-
Notifications
You must be signed in to change notification settings - Fork 604
Description
Dear StormCast Team,
I hope this message finds you well. I am writing to ask for your advice regarding an issue I encountered while running extended forecast with the StormCast UNet model.
I trained the StormCast UNet model using HRRR and ERA5 datasets from 2018 to 2024, except for 2022, which was reserved for validation. Figure 1 shows the evolution of the loss function during training.
Figure 1. Loss curves during weighted training. The training dataset contains 52800 samples, while the validation dataset contains 8800 samples. MA denotes the moving average.

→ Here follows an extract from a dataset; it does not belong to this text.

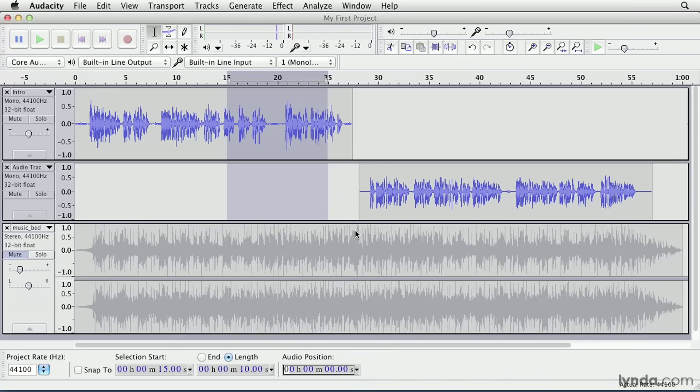All right, so there you have an overview of some basic selection techniques that you should be familiar with in order to perform edits in Audacity.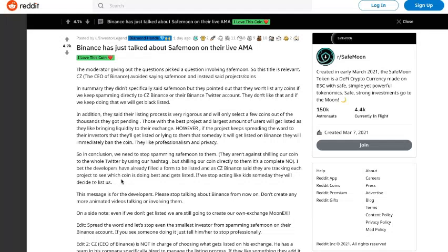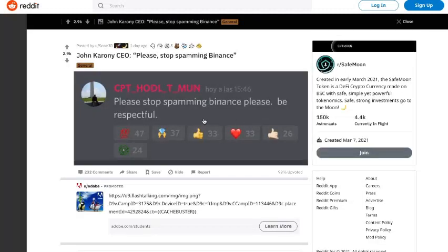The CEO of SafeMoon, John, also had words to say about this in Discord: 'Please stop spamming Binance. Please be respectful.' I totally agree — we don't need to spam Binance to get listed on Binance. There is already enough popularity around this coin, and organically they will notice. A lot of people are interested in SafeMoon, so I think Binance will be putting this on their exchange as well. That's all the information I had for you today on SafeMoon.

When conducting forecasts longer than four days, however, unexpected behavior emerges. As an example, I examined an atmospheric river event from Mar 8th to 20th, 2017. The StormCast UNet model was initialized with HRRR data at 00:00 UTC on Mar 8th, 2017, and the ERA5 fields were used as synoptic-scale forcing, updated hourly. The simulation was run for 10 days (Mar 8th to 18th, 2017).
Figure 2 presents daily-mean fields of specific humidity at 850 hPa (A, D, G, J), wind speed at 850 hPa (B, E, H, K), and precipitation (C, F, I, L). The model produces reasonable simulations during the first 96 lead hours, but the forecast degrades substantially beyond that point.
Figure 2. Daily-mean specific humidity at 850 hPa (A, D, G, J), wind speed at 850 hPa (B, E, H, K), and precipitation (C, F, I, L) for the first (A to C), second (D to F), fourth (G to I) and fifth (J to L) forecast days.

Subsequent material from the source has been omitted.